Я видел стайки индонезийских школьников‑мусульман – девочки повязывали волосы джибабами, – дружно сходящиеся к Боробудуру, исполинскому многоярусному буддистскому храму – точнее, храмовому комплексу, – высящемуся в самом сердце Явы: строению, сравнимому только с храмами Ангкор‑Ват в Камбодже. Двенадцать миновавших веков покрыли серые каменные глыбы пятнами – черными и рыжими. От самой симметрии этого храма веет чем‑то мистическим, всецело потусторонним. Совершенство и сложность боробудурских барельефов свидетельствуют о богатстве культуры, существовавшей тут задолго до ислама, – культуры, с которой исламу приходилось и приходится соперничать изо всех сил. Точно такие же мусульманские школьники такими же стайками посещали индусские святилища в Прамбанане, вблизи Боробудура. Религиозную историю Яванской империи не перечеркнуть – к ней можно только прибавить.

Ачех – самая «арабская» из индонезийских областей – совершенно лишен суровости, свойственной Среднему Востоку. Этому способствует еще и то, что вопреки сотням лет голландского правления (часто державшегося на волоске) в Ачехе почти нет чувства ненависти к Западу, нет злобы на былых завоевателей‑иноземцев, попиравших местную историю и культуру. Над Суматрой и прилегающей цепочкой островов искони властвовала больше Ява, чем Европа. Империализм яванский послужил хорошей защитой от европейской разновидности империализма.

«Это может быть началом конца для нашей свободы», – волновался Агусванди, пылкий и подвижный интеллигент, программист, работающий в одной из банда‑ачехских неправительственных организаций. Агусванди – 31, и, подобно многим индонезийцам, носит он лишь имя, а фамилии нет вообще. «Поборники шариата пошли в наступление, хотят прибрать к рукам Ачех, пострадавший от цунами, – сказал Агусванди и разъяснил: – Отчего пришло цунами? Вероучители задавались этим вопросом и заключили: оттого, что ачины пренебрегали должной обрядностью. Женщины дерзко разгуливали без надлежащих покровов, иностранцы хлебали пиво… После цунами воспрянули реакционеры. Хотя, конечно, цунами привело сюда и западные НПО с их космополитическими влияниями.

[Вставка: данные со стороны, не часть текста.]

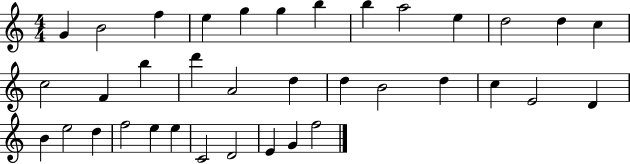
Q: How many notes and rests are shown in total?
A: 36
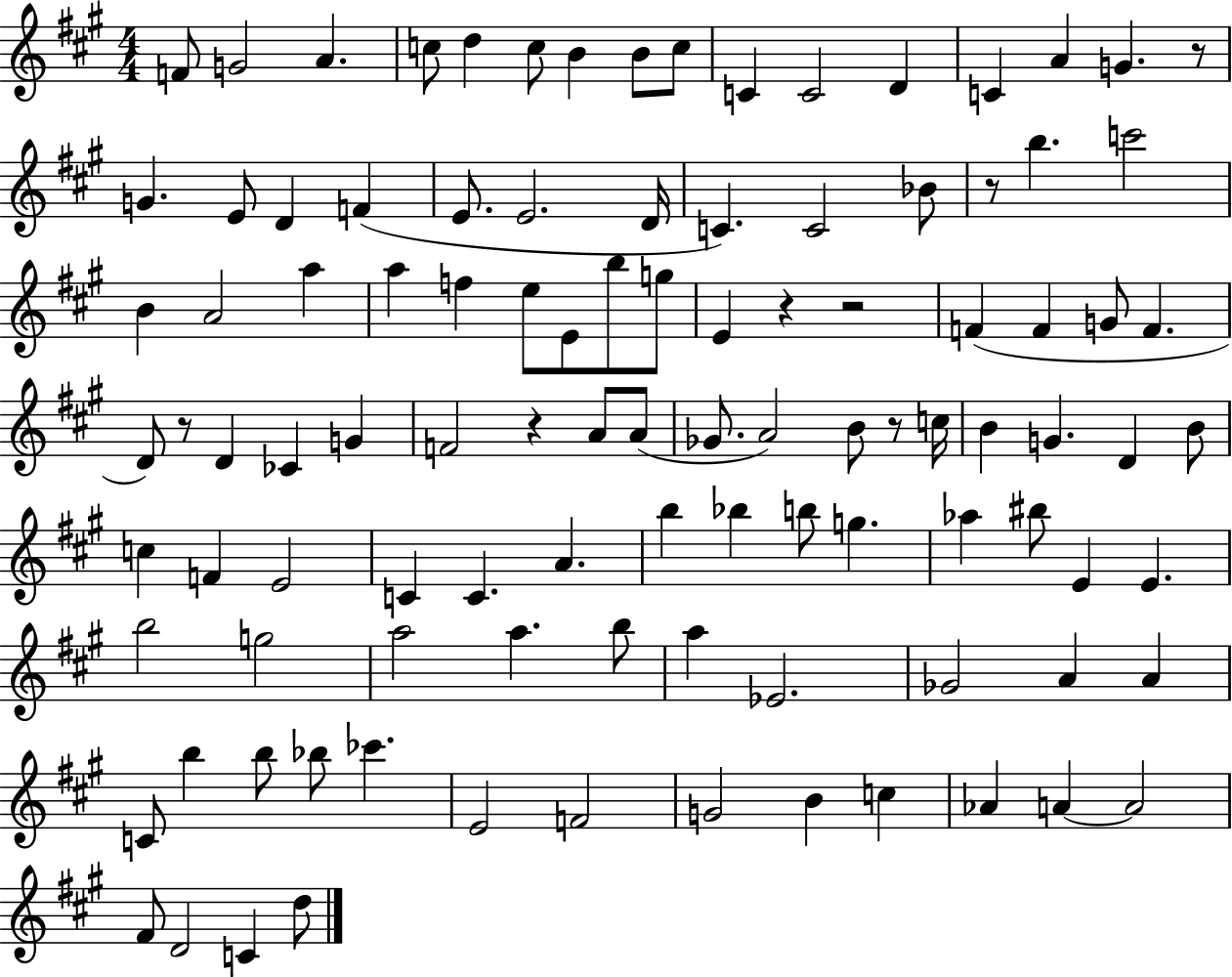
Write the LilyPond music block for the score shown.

{
  \clef treble
  \numericTimeSignature
  \time 4/4
  \key a \major
  f'8 g'2 a'4. | c''8 d''4 c''8 b'4 b'8 c''8 | c'4 c'2 d'4 | c'4 a'4 g'4. r8 | \break g'4. e'8 d'4 f'4( | e'8. e'2. d'16 | c'4.) c'2 bes'8 | r8 b''4. c'''2 | \break b'4 a'2 a''4 | a''4 f''4 e''8 e'8 b''8 g''8 | e'4 r4 r2 | f'4( f'4 g'8 f'4. | \break d'8) r8 d'4 ces'4 g'4 | f'2 r4 a'8 a'8( | ges'8. a'2) b'8 r8 c''16 | b'4 g'4. d'4 b'8 | \break c''4 f'4 e'2 | c'4 c'4. a'4. | b''4 bes''4 b''8 g''4. | aes''4 bis''8 e'4 e'4. | \break b''2 g''2 | a''2 a''4. b''8 | a''4 ees'2. | ges'2 a'4 a'4 | \break c'8 b''4 b''8 bes''8 ces'''4. | e'2 f'2 | g'2 b'4 c''4 | aes'4 a'4~~ a'2 | \break fis'8 d'2 c'4 d''8 | \bar "|."
}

Поначалу мне казалось, – продолжил Агусванди, – что всемирные влияния одержат победу. В конце концов, когда цунами откатилось, Ачех являл собой полную противоположность Ираку. О каком столкновении цивилизаций можно вести речь, если христианские благотворительные общества получают еврейские деньги, чтобы строить новые школы в мусульманском городе? Я думал: вот оно, будущее! И вот он, дружелюбный ислам! Тропический, а потому добродушный ислам – ибо, к примеру, в здешнем климате, влажном и знойном, не больно‑то побродишь закутанным с головы до пят».

Продолжая в том же ключе, Агусванди поведал мне, что в разногласиях касательно международной помощи отражается вся сущность исторического конфликта между Ачехом и столицей – Джакартой, – расположенной на острове Ява. «Эта неприязнь отнюдь не связана с вопросами веры. Все проще: колониализм закончился, и центр невзлюбил периферию – а сам по себе конфликт лишь идет во вред радикальному, строго правоверному исламу. Географическое положение Ачеха на северной оконечности острова Суматра – вдающейся в Бенгальский залив там, где находится устье Малаккского пролива, и устремленной к Индии и Шри‑Ланке, – то, что Ачех зажат между морем и диким нагорьем, делает его четко очерченной областью, отличной от остальной Индонезии, повернутой к Юго‑Восточной Азии и Южным морям. Долгое историческое время Ачех был процветавшим султанатом, погруженным в торговую систему Индийского океана. Партизанская война, которую Ачех повел против яванского засилия, когда Индонезией правили из Джакарты президенты Сукарно и Сухарто, напоминала войну, которая ранее велась против Голландской Батавии (так в колониальную эпоху звалась Джакарта)».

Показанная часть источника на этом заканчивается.